Living in constant anxiety about the future is no way to operate day-to-day and it is definitely not in line with God’s words to us in Matthew 6:25-34: (v. 27) “Who of you by worrying can add a single hour to his life?” So bit by bit I am learning to take a step back. I first have to admit that in the scheme of all of life and all the many things that happen, my transition from graduation to a job is not that huge.  I’m not minimizing it by any means, but this learning and shaping experience is just one of many to go along with all the other learning, shaping, and sometimes excruciating experiences that are a part of God molding us more and more into who he wants us to be. That may sound a little cliché, but it is very true.  Life will never stop having transitions, whether it is moving, changing jobs, getting married, having a baby, finishing school, retiring…well, that list goes on forever. In reality, all of life is one big transition moving us closer and closer to whom God originally intended for us to be.

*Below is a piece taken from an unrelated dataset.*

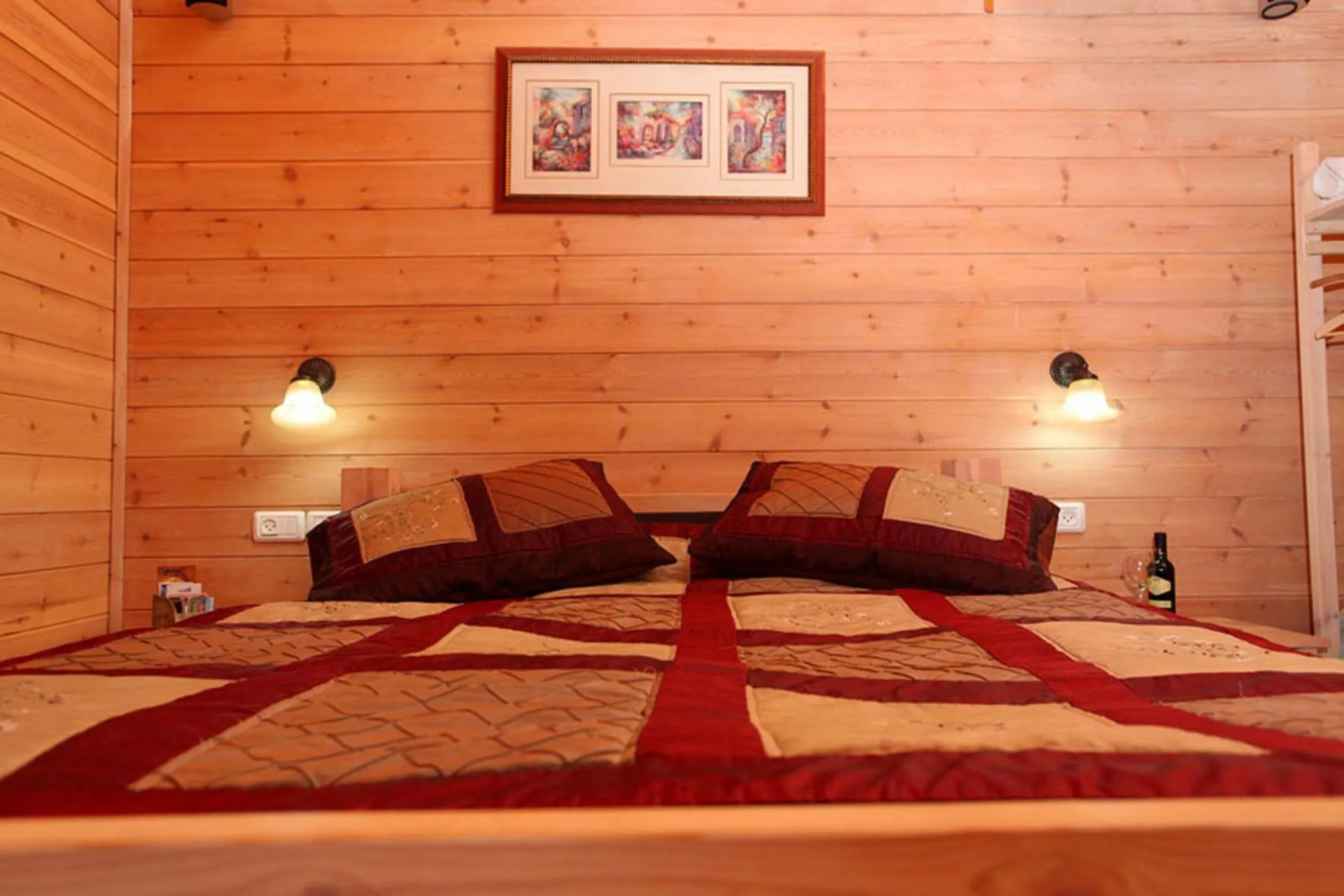 Bed in The Beautiful Cabins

I was recently talking to a friend about my anxieties, expressing a feeling of being overwhelmed at the prospect of having to make all the “right connections” in the job world. She responded by saying, “But Paula, you know the Creator, of everything. Isn’t that enough? Isn’t that the ultimate connection?” The obvious answer is a resounding YES, as hard as it is to internalize at times. We know a powerful, loving, and steadfast God who is in control of this entire universe.  We also know a God who works in His time, a time that is perfect according to His plan, no matter how it may feel in the moment.

I often find myself waking up in the morning, singing this song:

“Father, I will not worry about tomorrow

All of its questions, or all of its answers.

Father, I will just trust you…….”

 

I think I may continue to repeat these words, and to read Jeremiah 29:11, over and over, because I am not perfect and I need continual reminders.  But in the end, I will rest in the assurance that I serve a mighty God who knows and tends to every finicky detail of what is my crazy life. I will leave you with these words of Colossians 1:9-12 from The Message, which illustrates perfectly what is in store for us as we trust God through it all:

“Be assured that from the first day we heard of you, we haven’t stopped praying for you, asking God to give you wise minds and spirits attuned to his will, and so acquire a thorough understanding of the ways in which God works.  We pray that you’ll live well for the Master, making him proud of you as you work hard in his orchard.  As you learn more and more how God works, you will learn how to do your work.  We pray that you’ll have the strength to stick it out over the long haul – not the grim strength of gritting your teeth, but the glory-strength God gives.  It is strength that endures the unendurable and spills over into joy, thanking the Father who makes us strong enough to take part In everything bright and beautiful that he has for us.”